**Recorded information:**
■ ■ ■

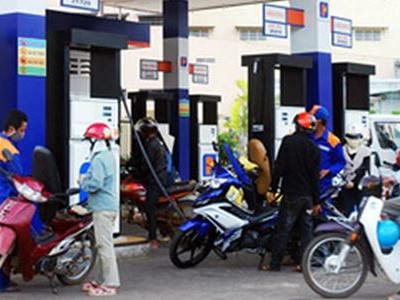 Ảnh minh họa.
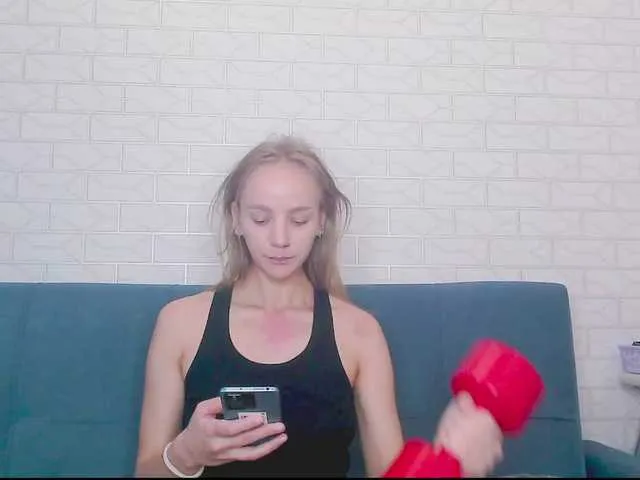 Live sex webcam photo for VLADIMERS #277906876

■ ■ ■

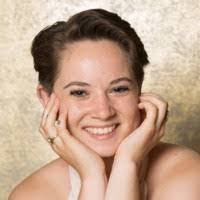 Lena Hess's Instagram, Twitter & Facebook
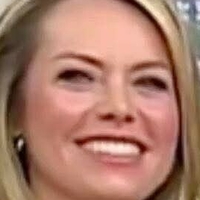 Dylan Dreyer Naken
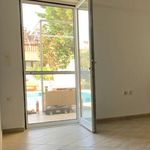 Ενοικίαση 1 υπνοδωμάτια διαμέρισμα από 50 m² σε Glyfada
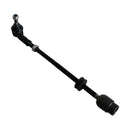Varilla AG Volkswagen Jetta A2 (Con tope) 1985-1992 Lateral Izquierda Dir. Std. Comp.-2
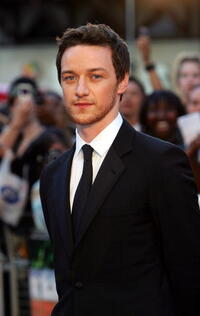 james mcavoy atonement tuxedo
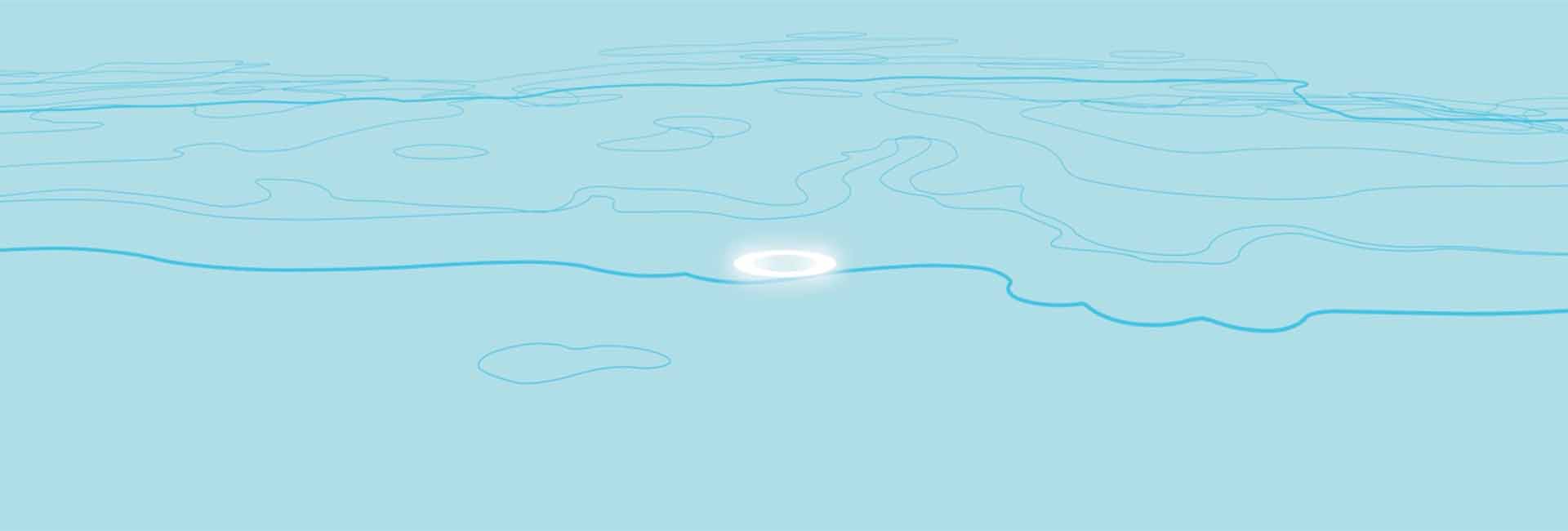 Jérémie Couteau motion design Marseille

■ ■ ■

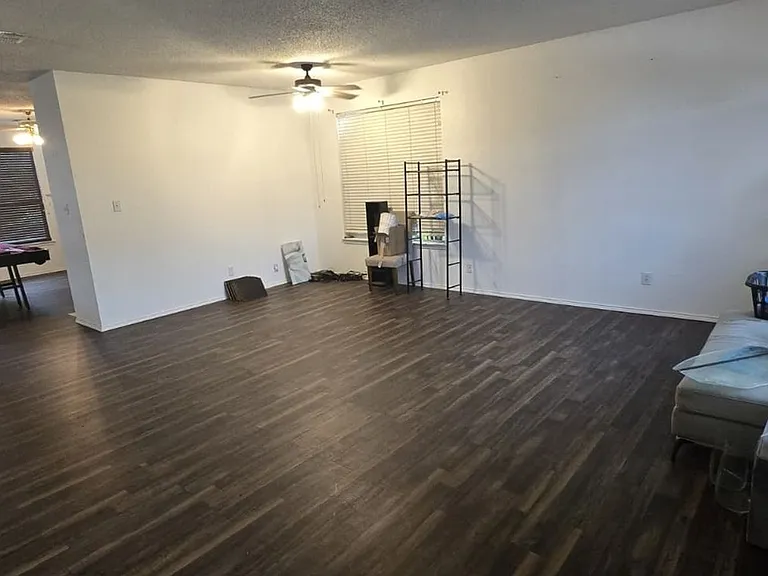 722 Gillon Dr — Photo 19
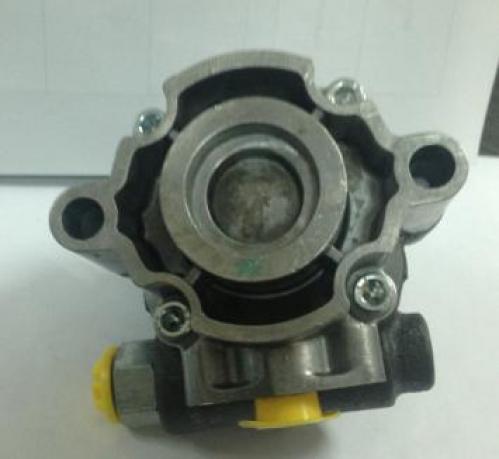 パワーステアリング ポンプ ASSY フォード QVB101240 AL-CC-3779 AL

■ ■ ■

**Action item:** In the data above, find the line with "Ảnh minh họa." and the line with "Live sex webcam". Please copy exactly those two lines and every line between them, but not the pictures.

**Solution to this problem:**
 Ảnh minh họa.
 Live sex webcam photo for VLADIMERS #277906876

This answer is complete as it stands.